Electronic databases were used to identify eligible patients who received RP infliximab or infliximab-dyyb during the period January 1, 2013 through March 31, 2018, the cohort identification period. The index date was defined as the first date of infliximab-dyyb infusion for patients who switched from RP infliximab to infliximab-dyyb during the time period, while the index date for the RP infliximab group was a randomly selected infusion date during the cohort identification period. Patients were included if they were age 18 years or older, had a diagnosis of either CD or UC within 6 months prior to the index date, and had received RP infliximab for at least 3 months. IBD diagnosis was identified based on the International Classification of Diseases, Ninth Revision, Clinical Modification (ICD-9-CM 555.x and 556.x) or the International Classification of Diseases, Tenth Revision, Clinical Modification (ICD-10-CM K50.x and K51.x).

Each patient who switched from RP infliximab to infliximab-dyyb was matched to a unique patient who remained on RP infliximab using propensity score at a 1:1 ratio. Propensity score matching [35] was used to minimize the difference of each confounding variable between patients who switched to infliximab-dyyb and patients who remained on RP infliximab, by using a nearest-neighbor matching method without replacement. The score was calculated using the following variables: age within 2 years of index date, gender, white race, type of IBD (UC or CD), IBD-related surgery within 2 years of index date, Charlson Comorbidity Index (CCI) calculated using data from 12 months prior to index date, dose of RP infliximab or infliximab-dyyb on the index date, and use of IBD medications including immunomodulators, non-infliximab biologics, or tofacitinib within 6 months prior to the index date. IBD-related surgeries that were evaluated included colectomy, colostomy, hemicolectomy, ileostomy, ileocolectomy, and proctocolectomy. Immunomodulators included azathioprine, basiliximab, cyclosporine, hydroxychloroquine, mercaptopurine, methotrexate, mycophenolate, sirolimus, and tacrolimus. Non-infliximab biologics included abatacept, adalimumab, belatacept, belimumab, certolizumab, etanercept, glatiramer, golimumab, natalizumab, tocilizumab, ocrelizumab, ustekinumab, and vedolizumab. Patients without continuous enrollment and drug benefit for at least 6 months immediately before the index date were excluded.
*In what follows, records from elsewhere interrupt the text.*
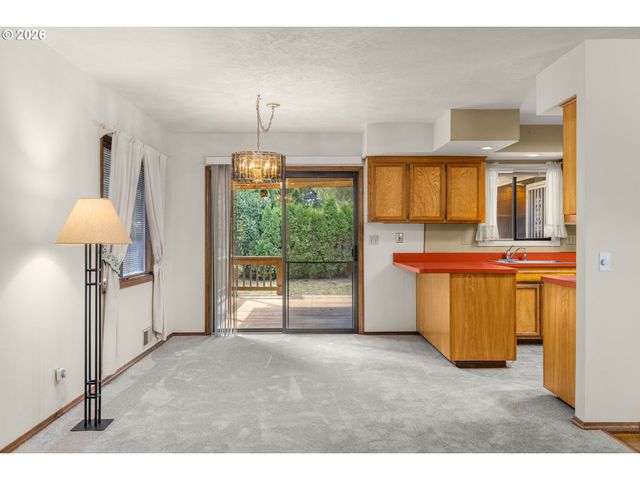 7245 N MACRUM Ave, Portland, OR 97203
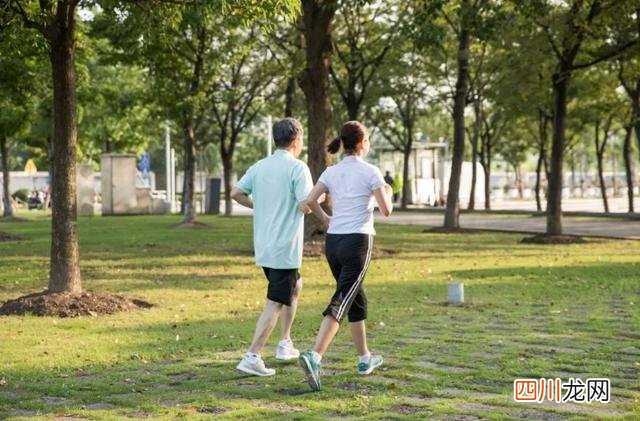 人过五十，夫妻感情再好，也要主动做这六件事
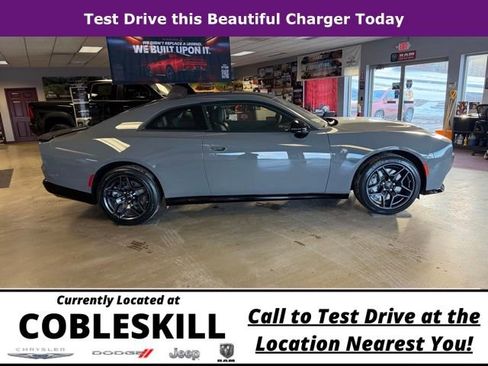 New 2026 Dodge Charger Scat Pack w/ Blacktop Package AWD/4WD image 3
Patients were followed until a switch in RP infliximab or infliximab-dyyb therapy, end of membership, death, or up to 9 months, whichever occurred first. A follow-up period of 9 months was selected because the data collection concluded on December 31, 2018. Other covariables were collected on the cohort, including length of IBD history, length and frequency of RP infliximab usage prior to the index date, history of tobacco use, and recent or concomitant usage of aminosalicylates and systemic steroid, defined as in excess of 1800 mg prednisone dose equivalents within 6 months prior to the index date (more than 10 mg prednisone dose equivalents per day for 6 months).
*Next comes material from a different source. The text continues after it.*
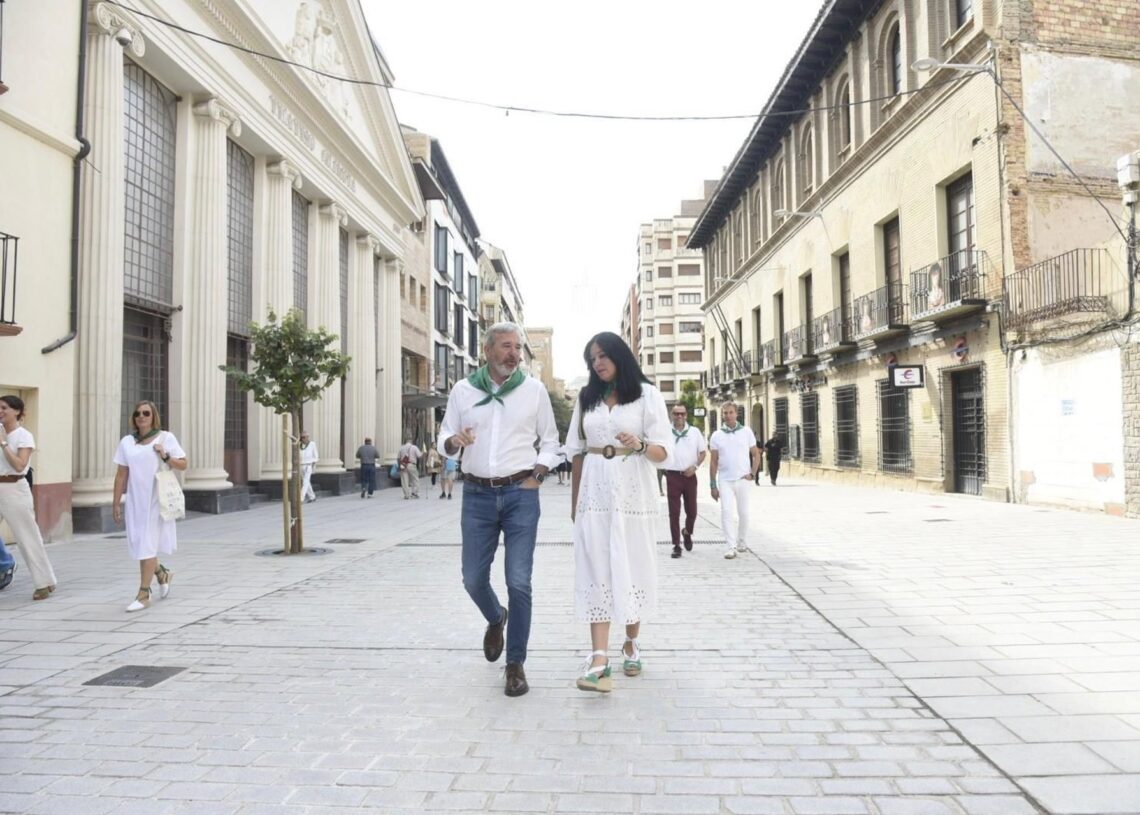 El presidente del Gobierno de Aragón, Jorge Azcón, y la alcaldesa de Huesca, Lorena Orduna.JAVIER BLASCO/GOBIERNO DE ARAGÓN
Outcome Measures and Definitions

The primary outcome was a composite endpoint of disease worsening requiring acute care during study follow-up and was defined as IBD-related emergency room visits, hospitalizations, or surgeries. The secondary outcome was a composite endpoint of disease worsening requiring acute care or treatment failure. Treatment failure was defined as a patient switching to tofacitinib or other biologics, which included abatacept, adalimumab, belatacept, belimumab, certolizumab, etanercept, glatiramer, golimumab, natalizumab, tocilizumab, ocrelizumab, ustekinumab, vedolizumab, and RP infliximab (study group only).

Statistical Analysis

Based on results from the NOR-SWITCH study [20], we assumed 36% of patients with CD and 12% of patients with UC would experience disease worsening; 485 patients with CD and 222 patients with UC in each group would be required to detect a 10% non-inferiority upper limit margin. While the NOR-SWITCH study used a 15% margin, we chose a smaller non-inferiority upper limit margin at 10% because of the retrospective nature of the study. To compare baseline characteristics, Chi-square tests were used for categorical variables and t tests were used for continuous variables. If non-inferiority in either the primary or secondary outcome between the two groups was met, two-tailed testing using Chi-square tests would be used. Conditional logistic regression was performed to estimate the adjusted odds ratio (OR) for both primary and secondary outcomes comparing patients who switched to infliximab-dyyb and patients who remained on RP infliximab. The regression adjusted for age, gender, white race, CCI, tobacco use, Kaiser Permanente region (KPNC vs. KPSC), type of IBD, length of IBD history, RP infliximab or infliximab-dyyb dose on index date, number of RP infliximab infusions within the prior 3 months, disease worsening requiring acute care within the prior 6 months, and use of aminosalicylates, immunomodulators, biological products, and systemic steroids (excluding oral budesonide) in excess of 1800 mg prednisone dose equivalents within the prior 6 months, which was a proxy for a patient requiring prednisone as maintenance therapy.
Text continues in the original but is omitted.